Despite innovators like Blomgren, Steve Heckeroth thinks farmers can be slow to adopt new inventions. “Farmers are a pretty conservative bunch to begin with. They don’t like change, and there’s so much change happening now,” said Heckeroth, CEO of Renewables. Renewables is a startup building a two-wheeled electric tractor for small farms. The tractor is still in the prototype stages, but Heckeroth hopes to bring the tractor to production by partnering with an autonomous vehicle company.
Heckeroth’s former company, Solectrac, which he founded in 2012, produced larger four-wheeled electric tractors. Solectrac — along with its parent company, Ideanomics — filed for bankruptcy in 2024. Heckeroth believes that the strategy to sell Solectrac tractors through a network of diesel tractor dealerships was a big mistake.
Heckeroth claims the company “spent millions and millions on advertising to people who thought it was a communist plot. Even some of the dealers got death threats when they put the electric tractor on their lot.” Heckeroth added that Solectrac “moved too fast” in their attempts to expand, which ultimately doomed the company.
A salesman at Beeler Tractor in California told me he previously had one Solectrac tractor on his lot, but it took over a year to sell. At another Beeler tractor location in Yuba City, California, sales representative Casey Dihel told me that “a lot of people weren’t open to the idea of an electric tractor, mostly due to run time.” He added that most Solectrac tractors he sold went to hobby farmers — commercial farmers weren’t interested. Two Solectrac tractors remain on his lot, which he received prior to the company filing for bankruptcy.

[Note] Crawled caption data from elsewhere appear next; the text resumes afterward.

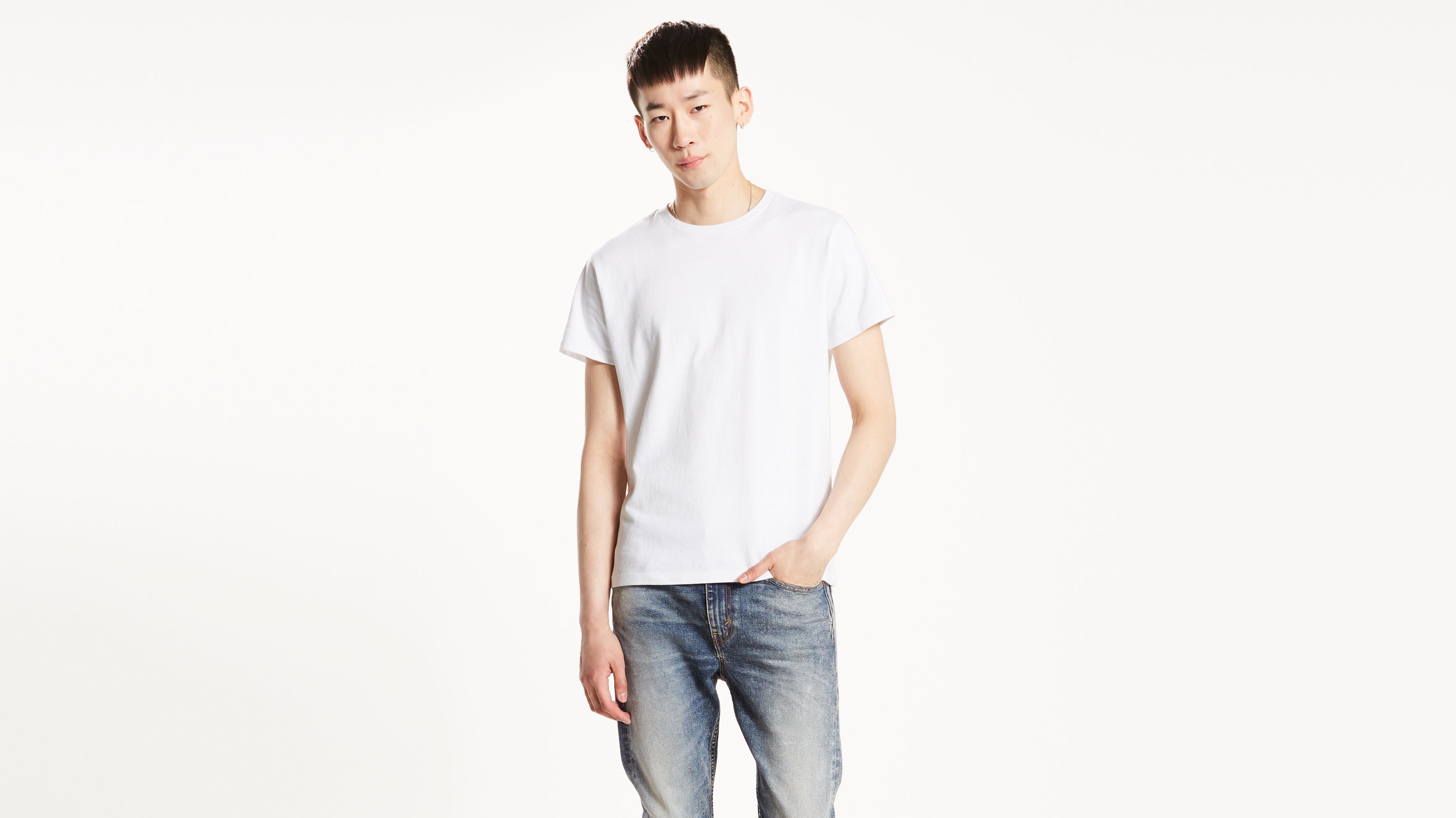 levis mighty made tee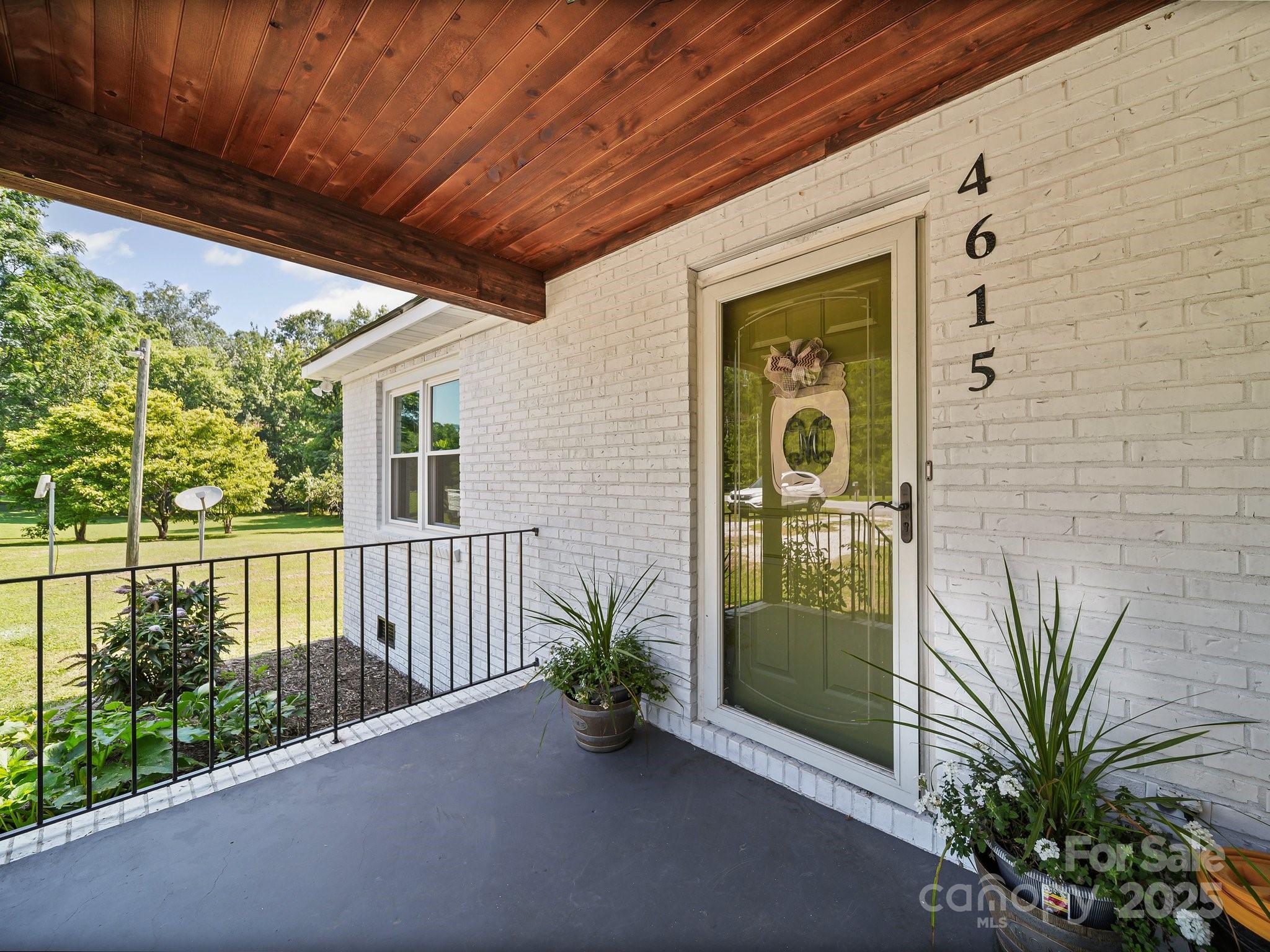 4615 Lockhart Road Sharon, SC 29742 - Photo 2 of 18 a porch with seating space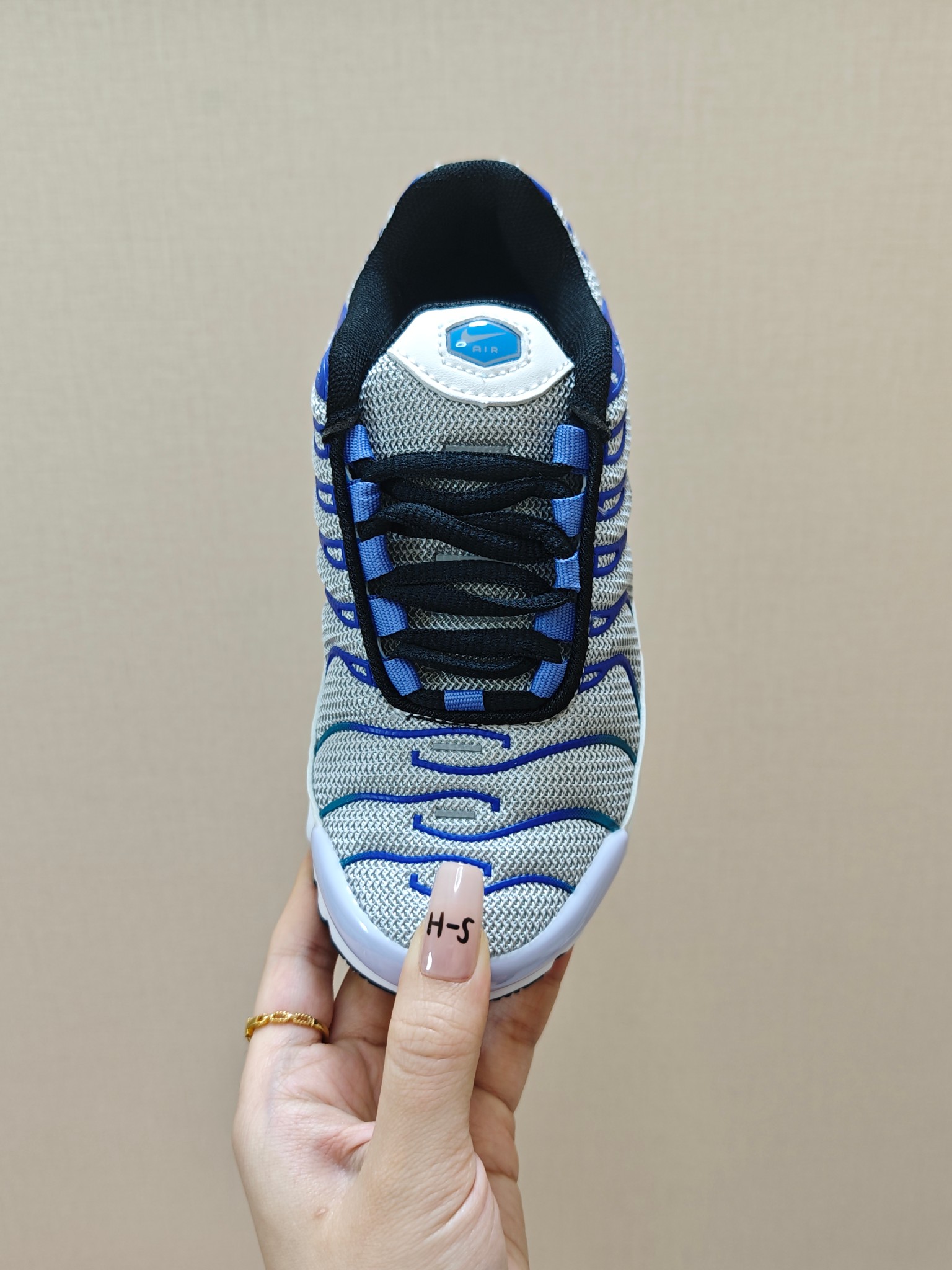 图片[4]-耐克 MAX plus全掌气垫儿童运动鞋 尺码：24-35码 超赞的全掌气垫，脚感超舒适👍🏻 优质鞋面拼接，质感满满💯 上学运动都是超合适单品❤️-选品中心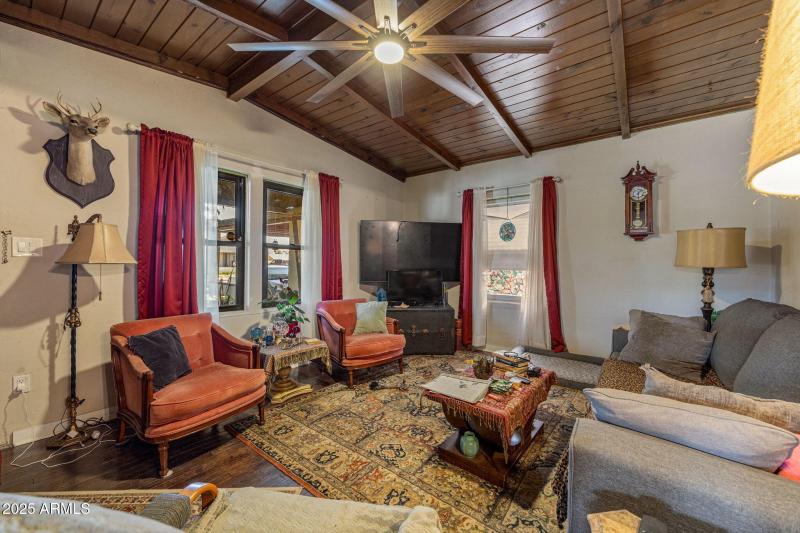 312BuffaloSt-Holbrook-AZ-5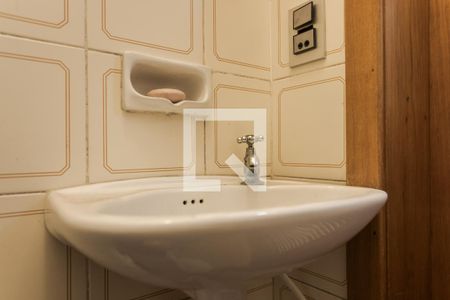 Apartamento à venda com 82m², 2 quartos e sem vagaBanheiro de serviço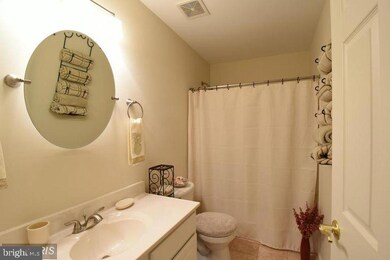 17544 October Glory Loop, Dumfries, VA 22026 - photo 7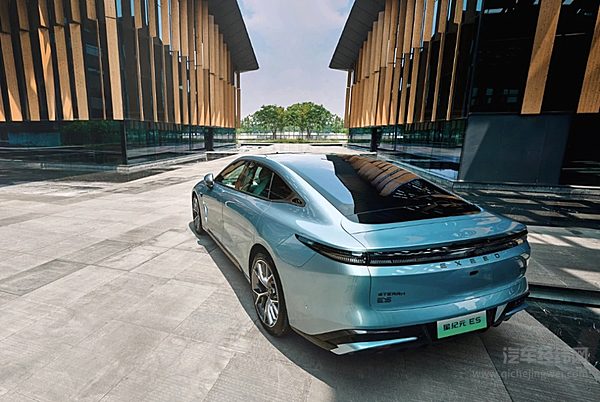 同价位纯电轿车对决 星纪元ES与极氪007哪一款车更有性价比？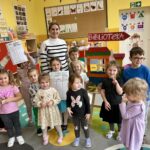 W ŚWIECIE KSIĄŻEK – BIBLIOTEKA W ODWIEDZINACH U PRZEDSZKOLAKÓW W SP NR 2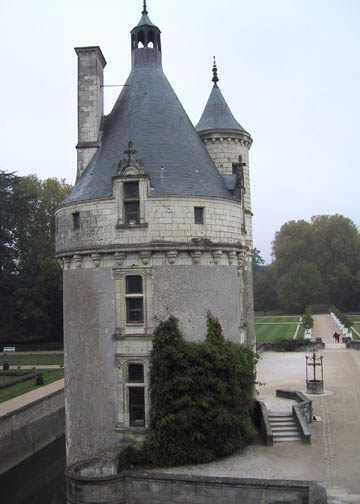 The Marques Tower with the well to the right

“ Our pitch to farmers is seven to $12 an hour. For every hour you run a tractor, that’s the savings that you see just on diesel versus electric.”
A YouTuber who goes by Tractor Time with Tim posted several videos on the Solectrac tractor he purchased. He praised the power of the electric motor, but was disappointed in the battery, which drained after a mere two hours.
Short battery life has long been a recurring critique of electric vehicles — both tractors and automobiles — but Blomgren says his invention can run for about six hours. “ Six hours is kind of a sweet spot,” he said. ”Nobody wants to be out cultivating for too many more hours than that.”
In a 2023 Pew Research survey, researchers found that younger respondents were more likely to consider purchasing an electric vehicle. That said, only 24% of rural respondents were open to the idea, in comparison to 48% of their urban counterparts.
Tepid responses to electric tractors aren’t stopping other manufacturers from dipping their toes in the market, though. Tilmor — an Ohio based startup — is slated to release a small electric tractor in fall 2025, and John Deere plans to release several electric models in 2026.
And despite the challenges, many remain optimistic about the future for electric tractors, including Kofi Britwum, an agricultural economist at the University of Delaware. ”The market is really going to grow,” he said. ”As much as 29% within the next nine years or so, so there’s definitely some promise.”
Monarch thinks the best selling point for skeptical farmers will be cost reduction — after the initial investment. Monarch CEO Praveen Penmetsa noted that the operating costs per hour are much lower than diesel tractors. “ Farming is a very low-margin business,” he said. “ Our pitch to farmers is seven to $12 an hour. For every hour you run a tractor, that’s the savings that you see just on diesel versus electric.”